Work instructions -> Nothing outside the range below should be printed. Output exactly the lines from the line with "Radio Tanzania Screenshot 0" to the line with "Photo of the 2011 JEEP WRANGLER SPORT", both included.

Records to process ->
· · ·
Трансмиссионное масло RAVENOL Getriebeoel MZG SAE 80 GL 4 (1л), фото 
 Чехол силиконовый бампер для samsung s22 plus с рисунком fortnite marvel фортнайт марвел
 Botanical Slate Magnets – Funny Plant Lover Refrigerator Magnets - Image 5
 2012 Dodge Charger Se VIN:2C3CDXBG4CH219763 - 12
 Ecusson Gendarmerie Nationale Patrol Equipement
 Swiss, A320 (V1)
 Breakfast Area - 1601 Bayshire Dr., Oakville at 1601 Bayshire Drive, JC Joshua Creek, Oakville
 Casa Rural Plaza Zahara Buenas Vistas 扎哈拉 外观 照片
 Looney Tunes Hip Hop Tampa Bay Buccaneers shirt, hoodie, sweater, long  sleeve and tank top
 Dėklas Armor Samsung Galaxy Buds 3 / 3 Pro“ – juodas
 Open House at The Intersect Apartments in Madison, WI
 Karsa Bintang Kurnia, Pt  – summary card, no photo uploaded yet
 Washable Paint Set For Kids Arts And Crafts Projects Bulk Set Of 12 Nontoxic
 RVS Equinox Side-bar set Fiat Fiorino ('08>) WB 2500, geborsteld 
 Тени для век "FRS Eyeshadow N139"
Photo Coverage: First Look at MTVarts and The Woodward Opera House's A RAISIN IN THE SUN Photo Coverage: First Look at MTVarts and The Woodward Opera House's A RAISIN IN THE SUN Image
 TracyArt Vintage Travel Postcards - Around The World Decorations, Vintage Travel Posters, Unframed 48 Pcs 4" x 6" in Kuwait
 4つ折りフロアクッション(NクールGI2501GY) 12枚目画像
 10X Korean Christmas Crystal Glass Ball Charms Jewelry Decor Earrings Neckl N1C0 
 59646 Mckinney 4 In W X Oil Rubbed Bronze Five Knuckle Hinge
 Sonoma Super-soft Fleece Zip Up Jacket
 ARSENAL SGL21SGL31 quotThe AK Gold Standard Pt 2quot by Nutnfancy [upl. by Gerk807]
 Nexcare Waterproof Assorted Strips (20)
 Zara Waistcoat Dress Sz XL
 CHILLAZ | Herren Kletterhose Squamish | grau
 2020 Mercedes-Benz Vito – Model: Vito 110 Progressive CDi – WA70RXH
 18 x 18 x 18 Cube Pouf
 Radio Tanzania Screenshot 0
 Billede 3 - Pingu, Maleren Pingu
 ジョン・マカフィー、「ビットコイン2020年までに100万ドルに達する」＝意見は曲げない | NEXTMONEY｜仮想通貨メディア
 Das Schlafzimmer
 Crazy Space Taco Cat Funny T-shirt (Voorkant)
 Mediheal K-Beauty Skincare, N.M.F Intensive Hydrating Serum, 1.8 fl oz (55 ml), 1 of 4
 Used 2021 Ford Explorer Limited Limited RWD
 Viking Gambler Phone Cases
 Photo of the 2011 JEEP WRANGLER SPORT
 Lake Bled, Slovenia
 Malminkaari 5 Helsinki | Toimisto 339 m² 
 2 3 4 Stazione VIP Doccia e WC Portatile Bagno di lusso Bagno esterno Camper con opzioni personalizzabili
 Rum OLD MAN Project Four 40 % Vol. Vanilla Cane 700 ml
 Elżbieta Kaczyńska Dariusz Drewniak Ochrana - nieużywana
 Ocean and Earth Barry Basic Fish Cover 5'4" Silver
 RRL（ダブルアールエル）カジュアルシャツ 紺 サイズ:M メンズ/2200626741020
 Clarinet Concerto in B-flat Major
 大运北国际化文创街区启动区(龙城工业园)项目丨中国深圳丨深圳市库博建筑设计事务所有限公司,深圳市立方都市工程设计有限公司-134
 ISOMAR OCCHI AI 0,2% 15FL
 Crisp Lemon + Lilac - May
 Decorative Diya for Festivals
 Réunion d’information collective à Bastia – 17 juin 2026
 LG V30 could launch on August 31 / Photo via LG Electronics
· · ·
Exercise output ->
 Radio Tanzania Screenshot 0
 Billede 3 - Pingu, Maleren Pingu
 ジョン・マカフィー、「ビットコイン2020年までに100万ドルに達する」＝意見は曲げない | NEXTMONEY｜仮想通貨メディア
 Das Schlafzimmer
 Crazy Space Taco Cat Funny T-shirt (Voorkant)
 Mediheal K-Beauty Skincare, N.M.F Intensive Hydrating Serum, 1.8 fl oz (55 ml), 1 of 4
 Used 2021 Ford Explorer Limited Limited RWD
 Viking Gambler Phone Cases
 Photo of the 2011 JEEP WRANGLER SPORT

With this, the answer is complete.